Halsey cited the more affordable new homes in Rancho Viejo as an example of how the market has adjusted. The houses are being constructed with basic finishes, but leave room for expansion and upgrades as families need them. The cost of new construction, Halsey said, has dropped in Santa Fe about 20 percent.

Sury, president of the Santa Fe Association of Realtors, said the homebuyer tax credit is already helping to expand the pyramid and is bringing out new buyers who, in the future, can trade up as their homes increase in value. A whole new generation of Santa Fe residents have a chance to get on the escalator of home appreciation, she said.

And though it’s been a slow year for sales, Sury said consumers are far more confident now than a year ago, when the stock market crashed and financial institutions were failing.

“At this time last year we were in a much worse situation than we are now. It was much bleaker. Consumers seem to have more confidence now,” she said.

Adding to the confidence is the fact that the federal tax credit for home purchases has been extended until mid-2010 and is also available to repeat buyers who want to move.
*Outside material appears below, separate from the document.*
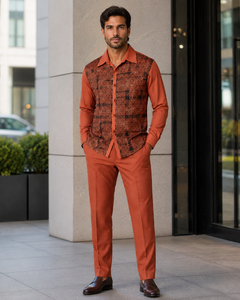 Mens Rust Geo-Elegance Walking Suit – Patterned Long Sleeve Shirt & Matching Pants Set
In Santa Fe there are now plenty of affordable homes all over the city and not just in certain neighborhoods.

“Five years ago, we were seeing multiple offers and homes under contract in two or three days. Buyers had little or no power,” Ball said. “Now we’re seeing more balance on the lower end.”

There needs to be a solid year of sales and price gains before anyone can call an end to the housing recession. But people still want to move to Santa Fe, and many people already here want to move to a different house or change neighborhoods, he added.

“I cannot escape the attraction Santa Fe has for so many people, Ball said. “We’re going to warm up faster than other markets. I don’t know if we’re out of this thing or not, but there are promising signs.”